Of course, the team took it further. What about the complexity of the project and what about the amount of people involved? Aren’t these things important indicators of how much opportunity there is for a defect as well? After all, just like you probably initially reacted to it, test cases seems like a bad way to measure opportunity. So they added those in to create their opportunity measure called “Weighted Test Cases (WTC)”. WTC is Test Cases * Project Size * Project Complexity. Ignore for a moment how size and complexity are figured out. Ultimately, their output measure of quality for a project would be (Defects / WTC).
Here’s my sanity check for “do I have the right opportunity.” Do a correlation test. That’s the whole thinking behind having the opportunity as part of your measure in the first place, right? If I have more opportunities, then having more defects doesn’t necessarily mean I’m doing worse. Less opportunities, less defects.
After they got their data together for their first go at it, we did some analysis. First we looked at the WTC denominator of this equation. Test Cases * Size * Complexity. Hmm, size… test cases… might these two things be related? I mean, after all, if you have more test cases you probably need to exert more effort to run all those tests.

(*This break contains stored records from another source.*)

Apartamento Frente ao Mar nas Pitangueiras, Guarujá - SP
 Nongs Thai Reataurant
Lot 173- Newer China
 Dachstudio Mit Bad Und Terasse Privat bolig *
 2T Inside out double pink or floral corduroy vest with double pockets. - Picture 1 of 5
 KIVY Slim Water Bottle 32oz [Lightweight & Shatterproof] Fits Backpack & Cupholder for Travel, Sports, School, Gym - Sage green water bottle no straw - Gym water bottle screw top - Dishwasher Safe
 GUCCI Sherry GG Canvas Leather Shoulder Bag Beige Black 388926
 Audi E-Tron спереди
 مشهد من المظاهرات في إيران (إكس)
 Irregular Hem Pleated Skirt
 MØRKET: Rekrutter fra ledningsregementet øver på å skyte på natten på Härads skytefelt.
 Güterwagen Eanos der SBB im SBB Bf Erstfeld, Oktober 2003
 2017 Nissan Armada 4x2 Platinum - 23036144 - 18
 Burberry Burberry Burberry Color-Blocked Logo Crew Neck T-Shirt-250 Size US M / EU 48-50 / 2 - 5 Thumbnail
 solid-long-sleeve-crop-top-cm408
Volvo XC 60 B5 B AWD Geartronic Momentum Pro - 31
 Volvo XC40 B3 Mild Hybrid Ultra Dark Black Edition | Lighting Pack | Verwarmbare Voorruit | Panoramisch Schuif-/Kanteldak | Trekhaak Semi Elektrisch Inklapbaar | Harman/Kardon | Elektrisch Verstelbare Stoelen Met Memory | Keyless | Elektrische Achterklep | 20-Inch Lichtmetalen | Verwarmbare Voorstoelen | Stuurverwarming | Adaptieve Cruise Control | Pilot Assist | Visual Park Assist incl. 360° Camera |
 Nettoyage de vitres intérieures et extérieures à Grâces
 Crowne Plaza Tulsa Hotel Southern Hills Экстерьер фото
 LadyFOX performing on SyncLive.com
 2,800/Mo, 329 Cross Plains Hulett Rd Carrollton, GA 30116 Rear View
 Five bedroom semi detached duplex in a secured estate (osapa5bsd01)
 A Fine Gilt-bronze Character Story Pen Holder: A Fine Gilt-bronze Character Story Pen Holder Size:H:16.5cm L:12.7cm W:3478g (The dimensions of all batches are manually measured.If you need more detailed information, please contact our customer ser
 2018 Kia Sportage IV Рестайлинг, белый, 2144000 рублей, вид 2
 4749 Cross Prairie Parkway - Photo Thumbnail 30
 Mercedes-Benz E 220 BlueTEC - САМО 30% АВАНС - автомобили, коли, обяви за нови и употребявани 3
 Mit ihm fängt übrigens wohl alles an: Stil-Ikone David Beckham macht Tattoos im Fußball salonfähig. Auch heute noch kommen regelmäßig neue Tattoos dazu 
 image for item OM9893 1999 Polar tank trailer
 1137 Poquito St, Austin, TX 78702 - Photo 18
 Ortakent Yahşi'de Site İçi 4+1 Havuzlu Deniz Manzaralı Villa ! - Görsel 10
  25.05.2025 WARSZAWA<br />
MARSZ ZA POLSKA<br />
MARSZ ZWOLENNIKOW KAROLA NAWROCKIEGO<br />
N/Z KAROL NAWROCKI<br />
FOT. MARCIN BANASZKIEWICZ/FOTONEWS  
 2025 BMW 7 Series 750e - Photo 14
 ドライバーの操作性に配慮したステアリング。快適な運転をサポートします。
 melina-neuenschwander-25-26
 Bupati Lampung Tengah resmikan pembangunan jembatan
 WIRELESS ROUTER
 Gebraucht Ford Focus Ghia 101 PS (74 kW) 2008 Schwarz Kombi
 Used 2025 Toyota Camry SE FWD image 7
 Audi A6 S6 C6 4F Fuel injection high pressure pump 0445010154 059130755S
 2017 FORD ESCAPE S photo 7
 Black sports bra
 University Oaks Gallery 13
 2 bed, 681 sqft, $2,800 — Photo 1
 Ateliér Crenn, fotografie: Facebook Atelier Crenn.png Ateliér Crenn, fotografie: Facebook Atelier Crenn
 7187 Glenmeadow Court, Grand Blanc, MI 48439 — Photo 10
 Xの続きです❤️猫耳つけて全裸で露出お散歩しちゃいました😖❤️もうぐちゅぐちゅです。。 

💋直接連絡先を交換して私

Indeed they were, and quite strongly. Ok, so either size or test cases doesn’t belong in the denominator. Since test cases was our starting point, we dropped size. And for good measure we dropped complexity as well. Now we had Defects / Test Case. This seemed better.
Next, we went after the numerator. All all defects created equal? No, I’m afraid not. Some defects have a high severity, some a medium and some a low. So maybe weighted defects (defect * severity) is closer to what we want instead?
Sure enough, when we compared the correlations of Defects to Test Cases and Weighted Defects to Test Cases, the Weighted Defects came out with a stronger relationship. Interesting! So it appears that more test cases doesn’t just mean that you’ll get more defects, but you’ll also get more defects of greater severity. This makes sense intuitively. Bigger projects are more complicated and have more chance to make big mistakes. (By the way, that same Gary Gack presentation alluded to something similar in productivity. Larger projects have lower productivity on average than smaller ones. There’s a nonlinear relationship between the two.)
Finally, we arrived at a simpler solution. From Defects / (Test Cases * Complexity * Size) to Weighted Defects / Test Cases.
And lastly, the team added some countermeasures. Why? Well, “test cases” is a proxy for opportunity, but only if the testing process remains stable. If testing gets better (ie, more defects found per test case) then the quality of the code looks worse even though it may not be. If testing gets worse (ie, “hey, we can make the denominator bigger if we write lots of teensy test cases”) then quality would look artificially better. So, the team added another measure – defect containment rate (DCR) – a Capers Jones favorite. By having DCR alongside the quality, if containment went up in proportion to the change in quality, then we’d know that quality remained the same while the appraisal process (testing) had improved.
And on the other side we decided to measure effort / test case executed. Since smaller test cases would take less effort to execute, if we saw a drop off in the effort per case we would know that people were trying to increase the denominator of our main measurement artificially.
Alas, those last two paragraphs have little to do with my takeaway lesson. Ready for this one? Start simple. Even though you can imagine why something so basic as “test cases” isn’t a good proxy for the opportunity to create a defect, you could be wrong.